### DATA BLOCK
○ ○ ○ ○ ○

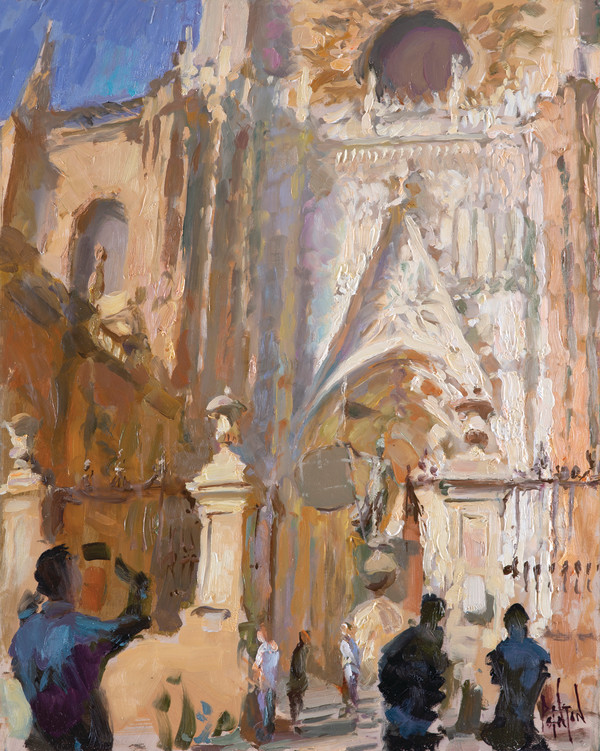 Puerta de San Cristobal, Seville Cathedral by Rob Pointon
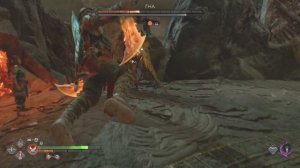 God of War Рагнарёк бой с Королевой Валькирий Гна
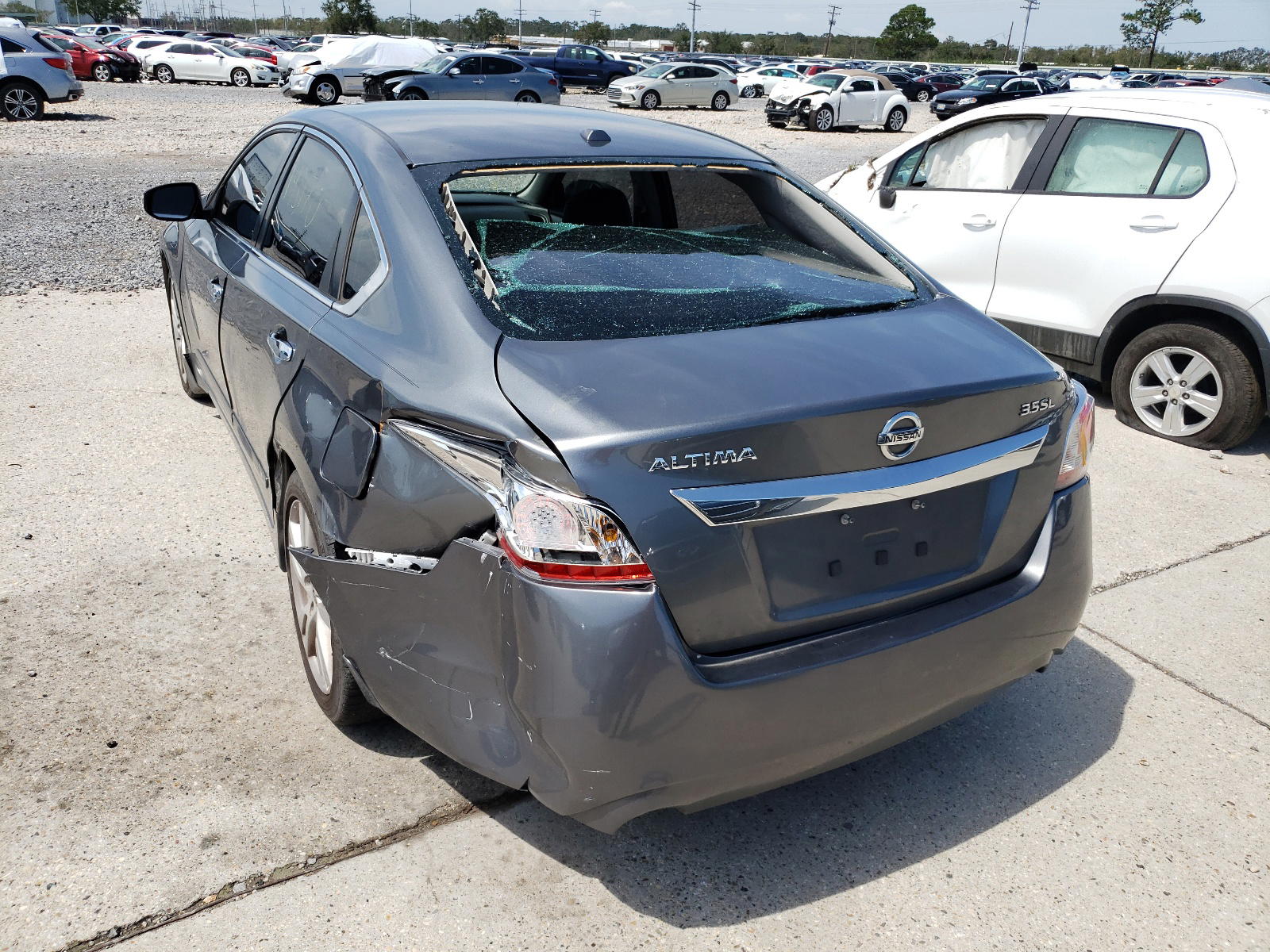 Photo 9 from auction – 2014 NISSAN ALTIMA 3.5 with VIN 1N4BL3AP0EC204029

○ ○ ○ ○ ○

### PROBLEM STATEMENT
Produce a verbatim copy of the listing, leaving out all pictures.

### RESPONSE AREA
 Puerta de San Cristobal, Seville Cathedral by Rob Pointon
 God of War Рагнарёк бой с Королевой Валькирий Гна
 Photo 9 from auction – 2014 NISSAN ALTIMA 3.5 with VIN 1N4BL3AP0EC204029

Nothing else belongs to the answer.